Dans les camps palestiniens, établis pour la plupart juste après l’exode de 1948, le bâti s’est graduellement transformé. En 1959, l’UNRWA (agence de l’ONU en charge des réfugiés palestiniens) estime que l’ensemble des tentes a disparu des camps et que l’habitat en dur s’y est substitué. À l’origine construits en dehors des villes, les camps sont rattrapés par la croissance urbaine. Intégrés à la ville, les camps sont connectés à leur environnement par la mobilité de leurs habitants. Des espaces commerciaux populaires s’y développent, qui drainent des clients venus des banlieues défavorisées. Les camps palestiniens jouent également le rôle d’espace d’accueil et d’habitation pour des migrants pauvres et des réfugiés originaires d’autres pays comme l’Irak, le Soudan ou plus récemment la Syrie. Loin d’être uniquement des espaces de relégation, les camps s’insèrent dans la ville et y occupent aujourd’hui une place singulière.
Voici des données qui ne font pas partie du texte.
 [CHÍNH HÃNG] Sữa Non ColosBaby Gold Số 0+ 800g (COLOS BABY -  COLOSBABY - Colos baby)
Ce sont des poches de pauvreté où se concentrent des populations défavorisées, souvent venues d’ailleurs – travailleurs pauvres, réfugiés, déplacés ou migrants illégaux. Mais le dynamisme de l’économie informelle qui s’y développe en fait aussi des centralités commerciales pour les populations défavorisées.
Les camps syriens en Jordanie, des villes en devenir ?
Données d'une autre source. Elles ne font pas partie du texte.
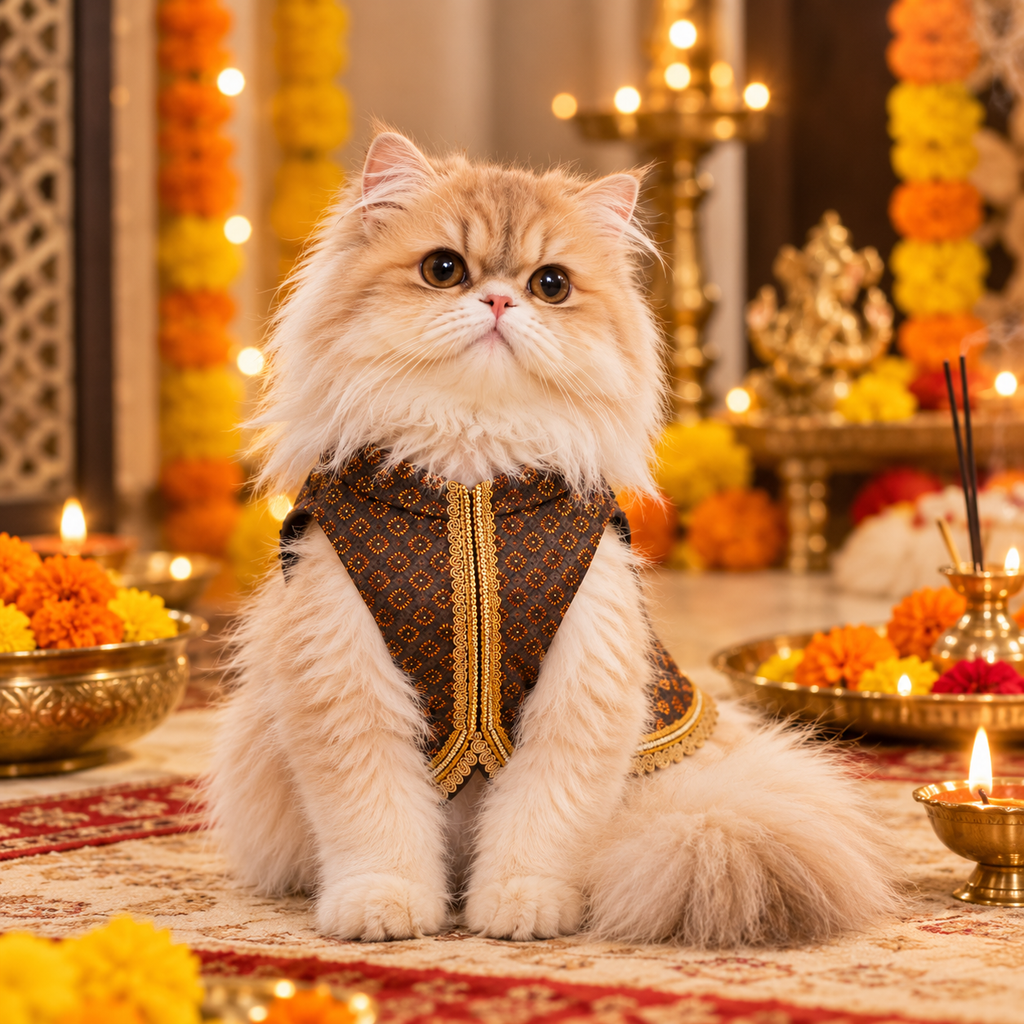 Dog and CAT kurta for Diwali | Grey Color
Si la plupart des camps palestiniens ou arméniens sont aujourd’hui partie intégrante de la ville, les camps plus récents s’urbanisent également. Le camp de Zaatari, ouvert en juillet 2012 dans le nord de la Jordanie à quelques kilomètres de la ville de Mafraq, en est l’exemple le plus parlant. À sa création, ce camp présente toutes les caractéristiques d’un espace humanitaire créé pour répondre à l’arrivée massive de réfugiés syriens sur le territoire jordanien. Des tentes sont installées selon un plan orthogonal pour accueillir les familles qui s’y installent. Les organisations humanitaires y développent leurs équipements pour porter assistance aux réfugiés (dispensaires, écoles, centres de distribution alimentaire, etc.). Mais très rapidement, les réfugiés syriens réorganisent leur espace de vie. Ils se regroupent à l’intérieur du camp par familles et villes ou villages d’origine. Pour s’assurer des moyens de subsistance, ils développent des activités commerciales à l’intérieur du camp. Des petites échoppes le parsèment, et une artère commerçante voit le jour, où toutes sortes d’activités cohabitent : coiffeurs, restaurants, marchands de fruits et légumes, électriciens, vendeurs de vélos, etc. Au-delà de la fonction économique, recréant un souk à l’intérieur du camp, cet espace joue également un rôle central dans la réorganisation de la vie sociale des réfugiés. Il incarne une réelle centralité, embryon de vie urbaine, où les Syriens viennent se promener et se rencontrer. On assiste donc à une reconfiguration spatiale du camp. Pensé par les organisations humanitaires comme un lieu d’intervention, il est transformé par ses habi-tants qui tentent d’y recréer un espace de sociabilité en exil. Si le plus souvent les camps sont dans la ville, comme c’est le cas pour ceux de Shatila à Beyrouth ou de Wahdat à Amman, la ville émerge aussi dans le camp.